A standoff between a Orthodox man and a member of Women of the Wall takes place at the Western Wall on Friday morning..
(photo credit: MARC ISRAEL SELLEM/THE JERUSALEM POST)
Thousands of Orthodox women arrived on Friday morning at the Western Wall plaza to protest against Women of the Wall, who were at the site to celebrate their 30th anniversary.
It was reported that over 10,000 Orthodox women, and 150 women from Women of the Wall were at the plaza just after 7 a.m. on Friday. Insults were reportedly exchanged between the two sides during the clashes, as the stand-off continued.
Police were on site to separate the two groups. They designated a small area with barriers at the plaza, however the large Orthodox crowds surrounded it and began shouting abuse and slurs.
A large contingent of ultra-Orthodox men were also at the site to protest Women of the Wall.
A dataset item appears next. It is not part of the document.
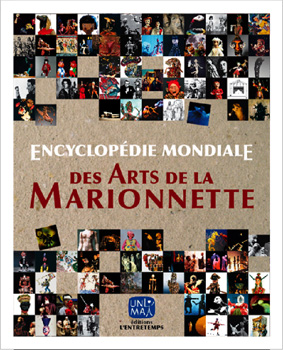  Encyclopédie mondiale des Arts de la Marionnette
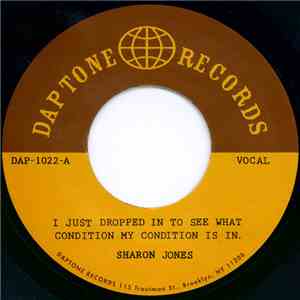 Sharon Jones / The Dap-Kings - I Just Dropped In To See What Condition My Condition Is In flac album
Groups also crowded and tried to block the entrances to the Western Wall plaza in a bid to stop members of the controversial women's group from entering the area.
In a statement, Rabbi of the Western Wall, Shmuel Rabinowitz appealed to the groups saying “that the Western Wall plaza is not a...demonstration area and asked [for attendees] to refrain from provocations, and to guard the Western Wall as a unified place, and not a place of division."
“On Rosh Chodesh Adar II (Friday), I urge everyone to refrain from bringing their war to the Wall,” he said. “Please - the Western Wall is not a platform for ideas and not a platform for holding demonstrations.”
He pleaded that the women should back down and that there should be peace at the wall “so that month of Adar will be a month of joy and unity – not, G-d forbid, of mourning and division.”
He added that the “commandment of Purim is to send gifts to each other, to bring unity among brothers.
“Our victory over Haman will be in adding love for the entire Jewish people while preserving the sanctity of the Western Wall,” he said. "We must stop once and for all using the wall as a platform for public struggles, we have no other wall."
The clashes were sparked by a call by senior rabbis in the religious and ultra-Orthodox public to protest against Women of the Wall's activities.
Police eventually evacuated some of the group from the main Western Wall plaza area after two of the women fainted.
As verbal slurs and abuse continued, the women's group eventually moved down to the Robinson's Arch area of the Western Wall to pray and read from the Torah.
Police confirmed that a 20-year-old ultra-Orthodox man had been arrested after he tried to attack an officer in the area.